Frontend performance optimization for newbies. Part 2/n. What can we do to improve FMP and TTI?

Posted: May 01, 2021

Previous parts: 1) How browsers render pages

2) How to improve FMP and TTI <—— this article

3) Runtime, Event loop, paint, layout, composition

TL&DR;

1) Resource optimization: 1.1) Split blocking resources by pages both js and css. Store reusable code either into common chunks, or small separated modules; 1.2) Load what the user needs at the beginning of work with the page (very controversial part!). 1.3) Separate third-party scripts 1.4) Download images lazily 2) HTTP2.0 / HTTP3.0: 2.1) Multiplexing 2.2) Headers compression 2.3) Server push 3) Brotli 4) Cache, ETag + Service worker

Detailed:

Working with resources

Splitting blocking resources. JS

The main pain is 2 things: blocking resources and their size.

The general advice for big sites is to split blocking styles and resources by pages. All reusable code should be stored in common chunks or separated modules. For this purpose, we are able to use suppositive https://github.com/gregberge/loadable-components or https://github.com/theKashey/react-imported-component for react or any similar solution for vue, angular, and etc. In case our components import styles it becomes easy to split them too. As a result we get: 1) Bundles with reused js modules and page ones. Splitting strategies could be varied. it's possible to make bundles that combine common code for 2 or more pages or just split whether it's page part or common with only 1 common bundle. Better to see the difference on a scheme: Initial arrangement:

An image from Notion

Strategy 1 makes a dependency: module ⇒ pages that use it:

An image from Notion

So, to load the main page (index.html) we should download 2 bundles: Common.js + applicant+index.js. /applicant page is required to load all 4 bundles. It's common to have a huge number of such chunks for big sites. In this case, it helps us to fix this problem using HTTP2.0. Summing this strategy up: +: Code is distributed between pages, we don't download unnecessary chunks; +: Modules could be cached. Releases don't require to update all the bundles, only necessary ones; -: A lot of network costs to get separated chunks. (fixed by HTTP2.0 multiplexing). Strategy 2: store each reused module separately

An image from Notion

Each file that is used more than in 1 page will be stored in a separate file. It means we get a tragic increase in small files. The most frustrating part is that chrome doesn't cache files which less than 1Kb. So that we are going to lose caching following this strategy. +: Releases have the smallest influence on our users' caches; -: The bigger amount of network costs in comparison with 1 strategy; -: Caches could not work properly as lots of files could be less than 1 Kb. The only way to fix it is to use a Service worker. We'll talk about it below. This strategy could be quite good, as all the cons could be solved.
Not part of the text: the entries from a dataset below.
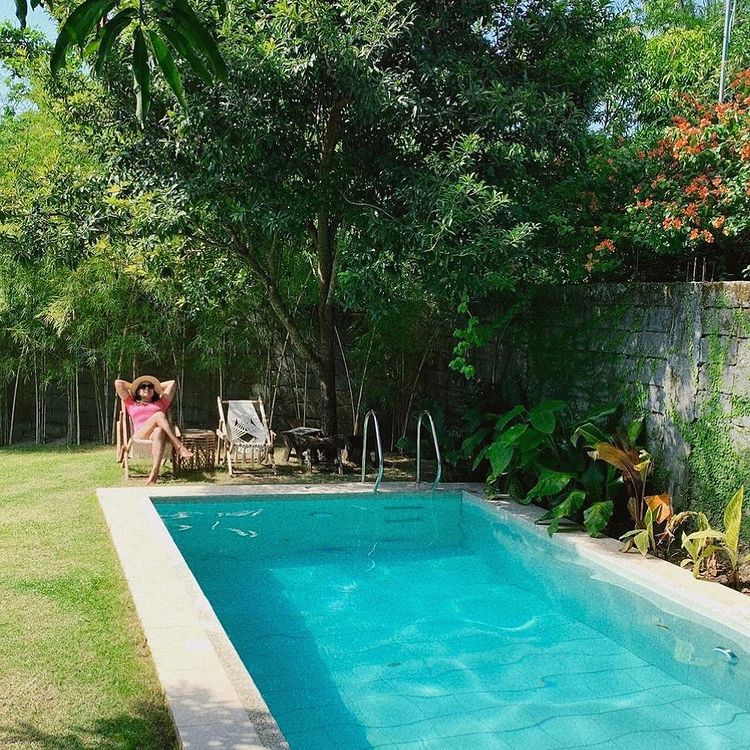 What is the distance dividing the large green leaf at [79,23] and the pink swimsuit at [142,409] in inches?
286

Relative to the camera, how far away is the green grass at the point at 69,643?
314 cm

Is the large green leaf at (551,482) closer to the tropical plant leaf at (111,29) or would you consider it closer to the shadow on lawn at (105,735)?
the shadow on lawn at (105,735)

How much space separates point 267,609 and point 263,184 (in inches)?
144

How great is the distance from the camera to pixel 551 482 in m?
6.70

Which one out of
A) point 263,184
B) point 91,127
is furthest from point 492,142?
point 91,127

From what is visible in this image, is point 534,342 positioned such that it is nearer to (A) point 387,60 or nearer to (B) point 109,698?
(A) point 387,60

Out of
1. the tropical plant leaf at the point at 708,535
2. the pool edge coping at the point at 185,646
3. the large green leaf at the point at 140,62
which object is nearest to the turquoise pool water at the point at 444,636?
the pool edge coping at the point at 185,646

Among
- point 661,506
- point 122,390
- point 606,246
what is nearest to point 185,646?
point 661,506

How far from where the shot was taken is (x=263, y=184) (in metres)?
7.38

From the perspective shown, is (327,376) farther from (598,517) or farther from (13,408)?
(13,408)

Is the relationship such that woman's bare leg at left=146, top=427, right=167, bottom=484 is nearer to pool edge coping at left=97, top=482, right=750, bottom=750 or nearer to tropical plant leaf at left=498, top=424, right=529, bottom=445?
pool edge coping at left=97, top=482, right=750, bottom=750

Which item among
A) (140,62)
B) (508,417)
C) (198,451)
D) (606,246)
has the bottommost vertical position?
(198,451)

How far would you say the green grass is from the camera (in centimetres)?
314

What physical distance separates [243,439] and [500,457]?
114 inches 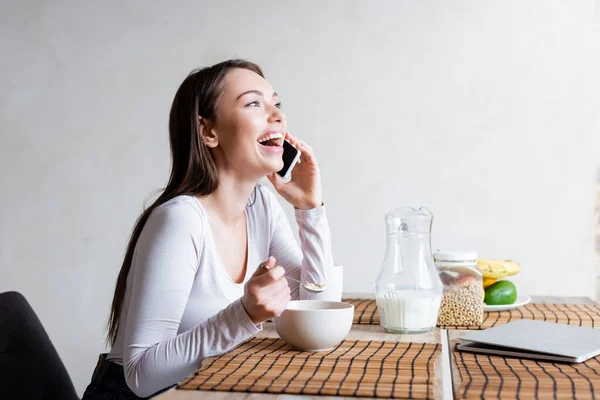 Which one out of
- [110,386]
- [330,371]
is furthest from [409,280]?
[110,386]

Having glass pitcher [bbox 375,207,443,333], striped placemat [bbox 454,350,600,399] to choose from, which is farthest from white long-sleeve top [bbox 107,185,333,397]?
striped placemat [bbox 454,350,600,399]

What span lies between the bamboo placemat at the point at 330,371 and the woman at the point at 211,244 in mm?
84

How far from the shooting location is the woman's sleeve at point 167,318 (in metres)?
1.16

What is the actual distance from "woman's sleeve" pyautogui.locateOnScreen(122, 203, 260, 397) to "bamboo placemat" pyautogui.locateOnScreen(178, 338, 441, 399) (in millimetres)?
52

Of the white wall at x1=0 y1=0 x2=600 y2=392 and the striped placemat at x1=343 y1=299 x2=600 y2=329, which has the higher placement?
the white wall at x1=0 y1=0 x2=600 y2=392

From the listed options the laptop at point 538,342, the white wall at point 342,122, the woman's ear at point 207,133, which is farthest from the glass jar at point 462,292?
the white wall at point 342,122

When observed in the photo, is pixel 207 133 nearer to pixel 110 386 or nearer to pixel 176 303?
pixel 176 303

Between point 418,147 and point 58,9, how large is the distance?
71.1 inches

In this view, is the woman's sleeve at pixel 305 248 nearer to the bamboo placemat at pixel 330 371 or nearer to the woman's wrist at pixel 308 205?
the woman's wrist at pixel 308 205

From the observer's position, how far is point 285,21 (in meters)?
2.97

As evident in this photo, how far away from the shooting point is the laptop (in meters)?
1.07

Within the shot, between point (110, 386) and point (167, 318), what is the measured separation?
284 millimetres

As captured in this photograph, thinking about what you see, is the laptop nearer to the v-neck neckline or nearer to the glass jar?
the glass jar

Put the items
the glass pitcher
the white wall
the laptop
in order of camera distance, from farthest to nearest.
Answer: the white wall < the glass pitcher < the laptop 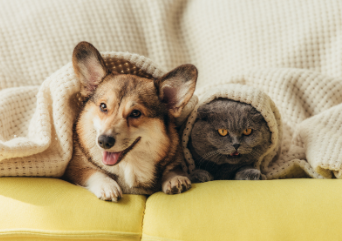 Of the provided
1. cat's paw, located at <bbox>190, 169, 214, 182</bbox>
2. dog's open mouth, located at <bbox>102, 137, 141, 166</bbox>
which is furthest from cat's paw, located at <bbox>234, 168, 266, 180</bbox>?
dog's open mouth, located at <bbox>102, 137, 141, 166</bbox>

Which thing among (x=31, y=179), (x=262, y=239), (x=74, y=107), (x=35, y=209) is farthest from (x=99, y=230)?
(x=74, y=107)

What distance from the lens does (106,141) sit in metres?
1.03

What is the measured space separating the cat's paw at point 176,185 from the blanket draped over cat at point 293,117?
214mm

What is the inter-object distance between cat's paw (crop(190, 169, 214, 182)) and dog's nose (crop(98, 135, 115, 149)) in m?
0.46

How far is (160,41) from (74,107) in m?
0.78

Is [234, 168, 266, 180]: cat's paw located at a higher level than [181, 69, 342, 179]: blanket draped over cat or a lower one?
lower

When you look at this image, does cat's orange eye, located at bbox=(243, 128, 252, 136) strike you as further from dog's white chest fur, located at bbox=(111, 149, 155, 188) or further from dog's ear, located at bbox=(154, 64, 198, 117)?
dog's white chest fur, located at bbox=(111, 149, 155, 188)

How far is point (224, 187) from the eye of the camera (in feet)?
3.73

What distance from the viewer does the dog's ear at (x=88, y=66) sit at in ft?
3.95

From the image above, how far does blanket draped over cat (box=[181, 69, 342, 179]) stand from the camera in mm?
1260

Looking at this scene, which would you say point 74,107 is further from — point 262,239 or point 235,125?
point 262,239

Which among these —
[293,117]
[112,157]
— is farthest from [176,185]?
[293,117]

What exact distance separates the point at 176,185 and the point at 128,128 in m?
0.31

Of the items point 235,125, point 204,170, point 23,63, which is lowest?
point 204,170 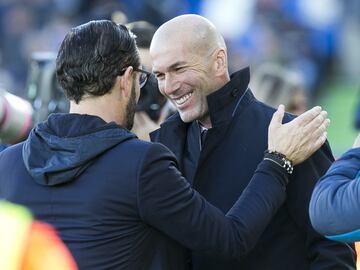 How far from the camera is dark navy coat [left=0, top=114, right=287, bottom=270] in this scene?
114 inches

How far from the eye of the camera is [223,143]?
3502 mm

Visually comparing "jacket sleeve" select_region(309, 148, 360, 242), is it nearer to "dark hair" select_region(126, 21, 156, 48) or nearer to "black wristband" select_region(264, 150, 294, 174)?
"black wristband" select_region(264, 150, 294, 174)

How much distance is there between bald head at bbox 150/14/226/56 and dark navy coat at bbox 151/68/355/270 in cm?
19

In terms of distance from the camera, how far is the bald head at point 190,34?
360 cm

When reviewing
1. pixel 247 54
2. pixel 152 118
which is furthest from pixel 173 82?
pixel 247 54

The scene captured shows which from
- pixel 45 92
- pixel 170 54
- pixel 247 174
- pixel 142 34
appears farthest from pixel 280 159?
pixel 45 92

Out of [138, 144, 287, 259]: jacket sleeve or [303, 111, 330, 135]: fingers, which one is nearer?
[138, 144, 287, 259]: jacket sleeve

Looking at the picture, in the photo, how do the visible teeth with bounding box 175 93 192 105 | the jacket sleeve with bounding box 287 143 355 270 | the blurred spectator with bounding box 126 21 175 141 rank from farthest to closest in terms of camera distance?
the blurred spectator with bounding box 126 21 175 141, the visible teeth with bounding box 175 93 192 105, the jacket sleeve with bounding box 287 143 355 270

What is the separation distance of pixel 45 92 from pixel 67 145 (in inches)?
80.1

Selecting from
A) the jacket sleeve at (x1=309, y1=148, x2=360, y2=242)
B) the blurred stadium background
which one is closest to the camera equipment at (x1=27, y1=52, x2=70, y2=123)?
the jacket sleeve at (x1=309, y1=148, x2=360, y2=242)

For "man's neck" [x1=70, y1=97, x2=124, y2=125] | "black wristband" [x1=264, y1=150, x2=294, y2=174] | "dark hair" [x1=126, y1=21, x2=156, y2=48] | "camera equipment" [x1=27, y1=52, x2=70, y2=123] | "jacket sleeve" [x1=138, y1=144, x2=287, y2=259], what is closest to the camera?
"jacket sleeve" [x1=138, y1=144, x2=287, y2=259]

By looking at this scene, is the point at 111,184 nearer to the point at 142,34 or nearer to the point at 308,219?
the point at 308,219

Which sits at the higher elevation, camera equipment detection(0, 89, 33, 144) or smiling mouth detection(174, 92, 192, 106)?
smiling mouth detection(174, 92, 192, 106)

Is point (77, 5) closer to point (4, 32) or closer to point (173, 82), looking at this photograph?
point (4, 32) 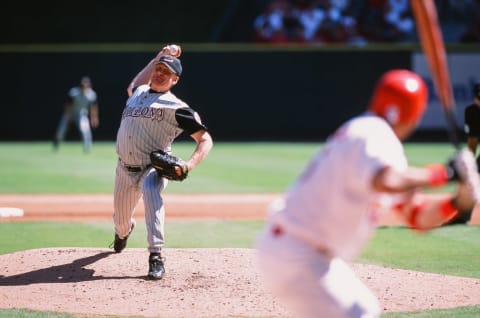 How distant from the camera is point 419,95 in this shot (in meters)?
3.95

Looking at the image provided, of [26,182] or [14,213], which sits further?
[26,182]

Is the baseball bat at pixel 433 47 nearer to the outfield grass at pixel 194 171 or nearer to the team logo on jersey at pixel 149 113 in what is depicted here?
the team logo on jersey at pixel 149 113

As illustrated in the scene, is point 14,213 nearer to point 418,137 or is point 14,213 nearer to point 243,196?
point 243,196

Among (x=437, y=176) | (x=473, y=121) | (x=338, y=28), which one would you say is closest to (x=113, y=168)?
(x=473, y=121)

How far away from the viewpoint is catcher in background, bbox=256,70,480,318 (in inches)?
150

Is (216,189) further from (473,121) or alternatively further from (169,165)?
(169,165)

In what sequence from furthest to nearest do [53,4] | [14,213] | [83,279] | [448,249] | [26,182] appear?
[53,4] → [26,182] → [448,249] → [14,213] → [83,279]

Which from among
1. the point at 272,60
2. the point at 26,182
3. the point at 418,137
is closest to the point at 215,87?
the point at 272,60

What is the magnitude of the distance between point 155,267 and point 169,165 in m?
0.90

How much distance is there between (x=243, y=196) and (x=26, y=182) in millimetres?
4523

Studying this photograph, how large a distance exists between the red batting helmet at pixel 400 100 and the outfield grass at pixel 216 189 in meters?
2.69

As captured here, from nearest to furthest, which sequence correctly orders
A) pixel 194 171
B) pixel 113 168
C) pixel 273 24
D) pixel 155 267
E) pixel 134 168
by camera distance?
pixel 155 267 < pixel 134 168 < pixel 194 171 < pixel 113 168 < pixel 273 24

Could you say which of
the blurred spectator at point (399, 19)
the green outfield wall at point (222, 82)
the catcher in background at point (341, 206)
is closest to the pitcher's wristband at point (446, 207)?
the catcher in background at point (341, 206)

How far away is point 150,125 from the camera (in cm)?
755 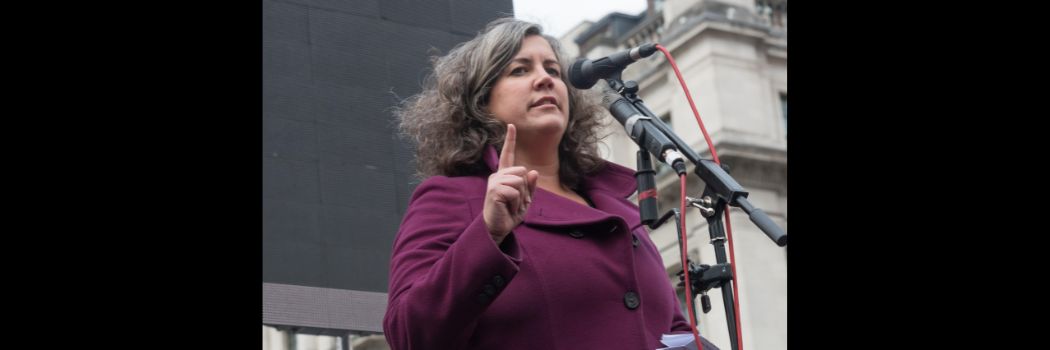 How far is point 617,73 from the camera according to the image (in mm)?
2906

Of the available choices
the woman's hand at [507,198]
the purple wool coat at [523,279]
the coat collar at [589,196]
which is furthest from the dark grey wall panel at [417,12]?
the woman's hand at [507,198]

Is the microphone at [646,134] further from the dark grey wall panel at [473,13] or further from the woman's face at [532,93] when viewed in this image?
the dark grey wall panel at [473,13]

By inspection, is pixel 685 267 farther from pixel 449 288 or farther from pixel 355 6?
pixel 355 6

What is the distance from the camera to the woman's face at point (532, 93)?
296 centimetres

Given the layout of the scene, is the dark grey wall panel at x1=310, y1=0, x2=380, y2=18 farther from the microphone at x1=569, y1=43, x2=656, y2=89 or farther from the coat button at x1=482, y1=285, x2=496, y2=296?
the coat button at x1=482, y1=285, x2=496, y2=296

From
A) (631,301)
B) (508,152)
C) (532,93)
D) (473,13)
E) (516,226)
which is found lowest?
(631,301)

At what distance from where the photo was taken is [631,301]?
108 inches

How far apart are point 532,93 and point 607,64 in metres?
0.18

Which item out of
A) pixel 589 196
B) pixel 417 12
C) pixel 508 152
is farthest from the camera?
pixel 417 12

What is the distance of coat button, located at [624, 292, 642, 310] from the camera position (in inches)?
108

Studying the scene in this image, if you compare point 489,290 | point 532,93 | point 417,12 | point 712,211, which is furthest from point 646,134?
point 417,12

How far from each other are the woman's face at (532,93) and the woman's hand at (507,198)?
40cm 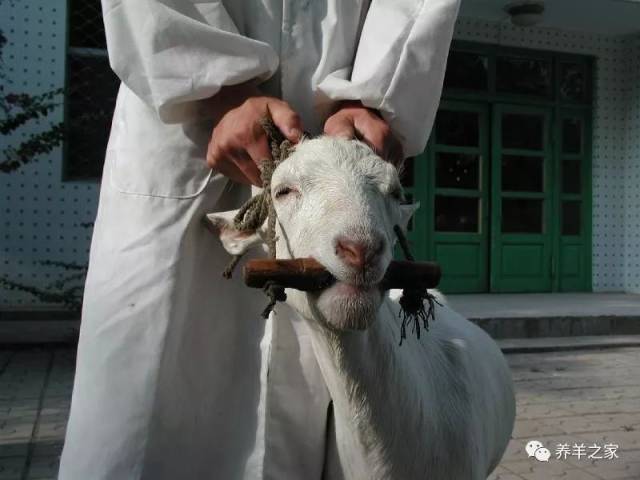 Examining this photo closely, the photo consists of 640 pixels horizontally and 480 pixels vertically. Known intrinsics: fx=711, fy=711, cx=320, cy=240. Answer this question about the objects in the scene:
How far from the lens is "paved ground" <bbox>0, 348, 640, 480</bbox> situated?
3602 millimetres

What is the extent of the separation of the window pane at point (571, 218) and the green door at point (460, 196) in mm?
1223

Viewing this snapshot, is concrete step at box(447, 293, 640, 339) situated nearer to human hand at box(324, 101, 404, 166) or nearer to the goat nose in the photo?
human hand at box(324, 101, 404, 166)

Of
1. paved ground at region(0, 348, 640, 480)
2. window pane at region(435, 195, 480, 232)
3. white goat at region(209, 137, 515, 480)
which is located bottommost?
paved ground at region(0, 348, 640, 480)

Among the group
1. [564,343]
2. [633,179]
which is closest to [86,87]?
[564,343]

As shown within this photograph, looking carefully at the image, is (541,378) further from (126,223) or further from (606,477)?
(126,223)

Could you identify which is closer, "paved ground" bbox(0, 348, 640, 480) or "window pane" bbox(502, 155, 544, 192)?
"paved ground" bbox(0, 348, 640, 480)

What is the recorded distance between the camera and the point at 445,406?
1794 mm

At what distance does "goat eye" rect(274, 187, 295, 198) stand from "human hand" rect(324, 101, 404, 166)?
187mm

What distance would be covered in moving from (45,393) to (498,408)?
351 cm

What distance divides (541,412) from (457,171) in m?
4.71

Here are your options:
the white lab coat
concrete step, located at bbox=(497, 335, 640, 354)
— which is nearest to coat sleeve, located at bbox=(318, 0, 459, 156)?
the white lab coat

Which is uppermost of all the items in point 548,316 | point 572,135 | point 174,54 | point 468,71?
point 468,71

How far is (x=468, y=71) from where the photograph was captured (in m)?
8.82

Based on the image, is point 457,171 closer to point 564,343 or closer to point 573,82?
point 573,82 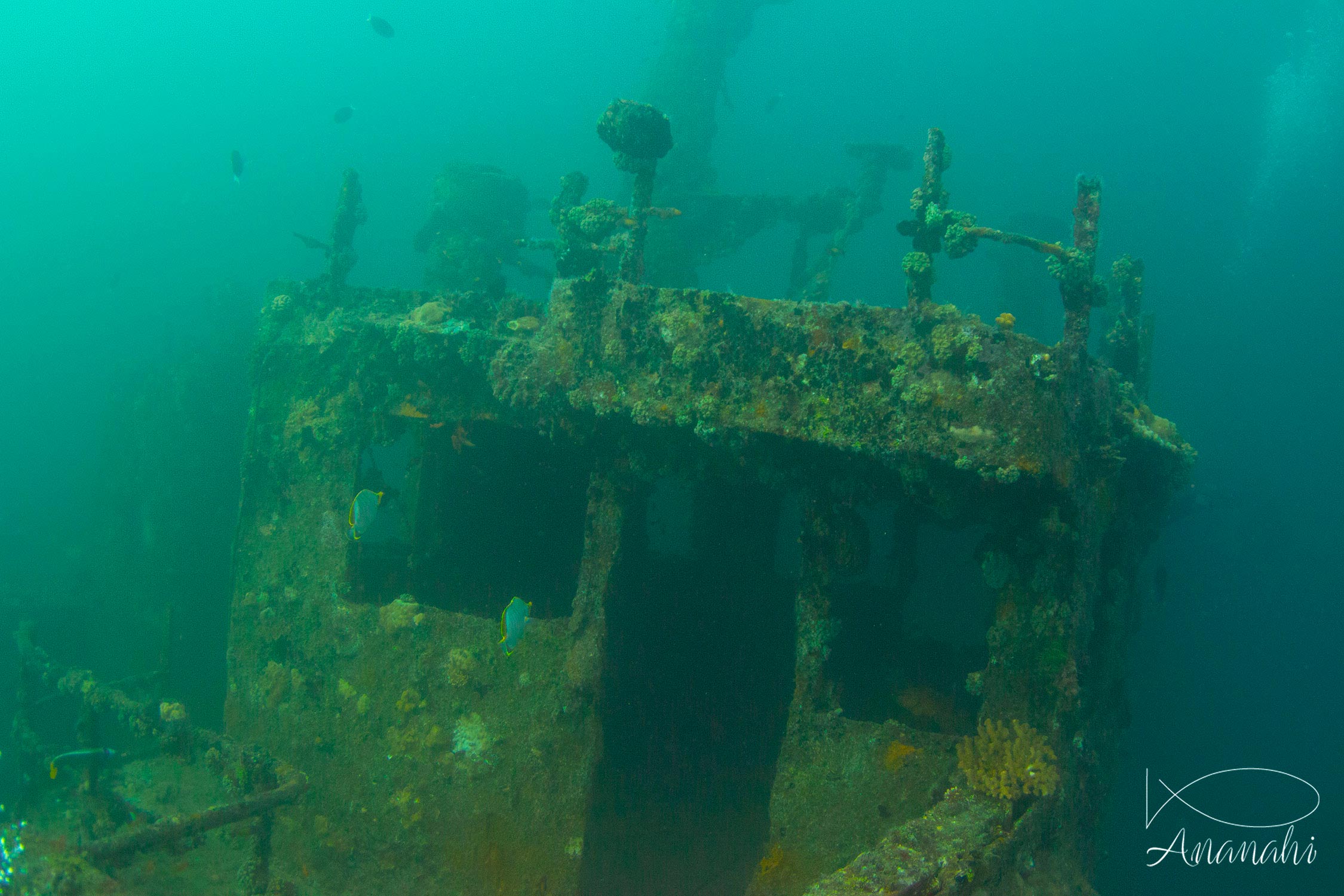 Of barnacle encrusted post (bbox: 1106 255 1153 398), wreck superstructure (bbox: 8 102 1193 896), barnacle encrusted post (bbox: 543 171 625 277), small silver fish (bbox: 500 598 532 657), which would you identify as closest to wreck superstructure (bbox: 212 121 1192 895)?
wreck superstructure (bbox: 8 102 1193 896)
Strategy 3: Store a big bundle of all modules which is used more than in 1 page:

An image from Notion

+: The smallest amount of files. Any page requires only %page%.js + Common.js; -: Significant amount of unused js will be downloaded during the first load; -: A high probability of losing Common.js cache after release. (as it seems, that each release is about to have changed in a module which is included by Common.js) My advice is not to use this strategy or use it only for small websites. But this strategy is still not as bad as the next one: Anti-strategy 1: Each page has its own dependencies. We separate modules which are included by all the pages (common for all pages):

An image from Notion

The biggest overhead we get here. When a user changes the page, they have to download modules they already have. For instance, a user opens the main page and gets 2 chunks: Common.js + Index.js. Then they authorized and navigates to the applicant page. So, Dropwon.js and Graph.js will be downloaded twice. Please, don't do this ;)

Wrapping this up: The first two strategies are the most suitable for big websites. Likely they will have notable improvement of TTI. If you have render-blocking JS, the main question is why it's blocking. Should it block render? Try to eliminate such resources or decrease their number. Offtopic. Why 30Kb of JS is more tragic than 30Kb of images Suggest we have JS that animate a page and make some popups. Besides js, we have a picture of the same size (in Kb). To run JS it's required to download the code, parse it, serialize to code which will be suitable for the interpretation, and finally execute it. So, it's why the costs of executing JS are higher than processing an image.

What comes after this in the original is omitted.